The first user saves its target segment sooner than the second one (the most frequent case). Therefore, the second user is not aware of the first user's translation and may translate it differently. The first user will not be aware either that the data actually stored come from the second user.
The second user saves its target segment sooner than the first one – possible if the first one, for instance, enters a recreative break or frantically browses dictionaries. A similar situation will happen, and the data will come from the first user (in each case, the last one decides on the target segment's contents).

The real problem is, if we did nothing about it, in this (rare) case, we would end up with two TUs (each with its own ID) containing the same source segment, but without any good reason for this. I then had an idea – to perform indexing in advance (as soon as the TU is opened, but before its target segment is known). It's possible (all required data is available to the server) because TU indexing is only based on the source segment's contents. Here is probably our solution.

Each time a user opens a TU, he automatically requests the TM server to immediately perform a fuzzy match and return the results, for good reasons:

During translation, the user must know if the source segment's translation is already stored in the TM (whether because it was translated during a previous project, or because this sames source segment comes several times in the source materials) – this is one of the main reasons why people use a CAT software in the first place.
Similarly, during proofreading, the CAT software will show the reviewer if, for whatever reason, the target contents stored in the document differs from the TM contents – and the reviewer needs to know if this is the case. Indeed, it the target segment deserves a new contents, this reviewed contents must be applied to all the occurrences of the source segment in the source materials.

The only situation where this advance indexing must be cancelled is when the user interactively modifies segmentation, by joining two contiguous segments together (always allowed within the same paragraph, as determined by the translation client) or by splitting a segment in two (most probably because it was first created by two joined segments). As a rule, it's not going to happen often. In this case, the TM server will un-index the TU, thus generating a hole (unused number) in the sequence of TU IDs.

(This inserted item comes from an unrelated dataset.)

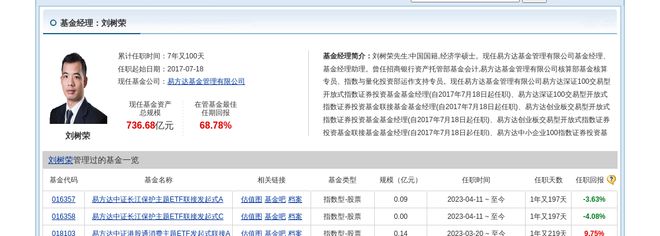 晶盛机电大跌553%!易方达基金旗下1只基金持有(图3) 晶盛机电大跌553%!易方达基金旗下1只基金持有(图3)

So, I suggest the server should index a new TU as soon as a translation client asks if there is any, when the user opens the TU. Then, any other user requesting the creation of the same TU will receive a warning message and won't be able to save its translation in the server's TM – he will have to wait until the update is performed (a security timeout will help ensure the TU does not remain open forever on the first user's translation client – see below). Any other user will then automaticall close and skip the TU – the translation client could also keep a "non-synchronized" flag within the TU.

In this case, the TM server must also index each of this source segment's N-Grams. The great advantage is quite better response times, as when the user has finished entering a new translation or validating an existing translation, all index data will have been already updated in advance in the TM tables. Also, in the case of a roll-back, I don't believe it's useful to also delete N-Gram entries in tables (we should only update the applicable records in NGRIDX_tmid table, see below). Should some N-Grams be unique to the old TU's source segment, they will come back into play as soon as the missing bit (if put into another segment) is also translated. So, temporarily keeping records corresponding to unused N-Grams is NOT going to be a problem, as long as the corresponding indexes are properly updated.

Of course, we must then handle the situation where the translation client never sends the target segment to the server (if the user stops working in the middle of a TU). In this case, the server might:

Keep a list of pre-indexed, but non translated TUs (this cannot happen more than once per user).
Define a timeout (e.g. 30 minutes) after which it sends a "close this TU" message to the translation client, stores some short message in the target segment and requests the translation client to do the same. We would therefore always create records corresponding to the project's TU, as each of these is going to be translated at some stage during the project.

We will "only" need to manage connections well enough to allow the user to reconnect to the server after a force disconnect (network down for too long, client application crash). In this case, I suggest that when a client attempts to reconnect, the server should send him a message detailing which TU needs to be re-opened (if it was left in "open" state when something went wrong).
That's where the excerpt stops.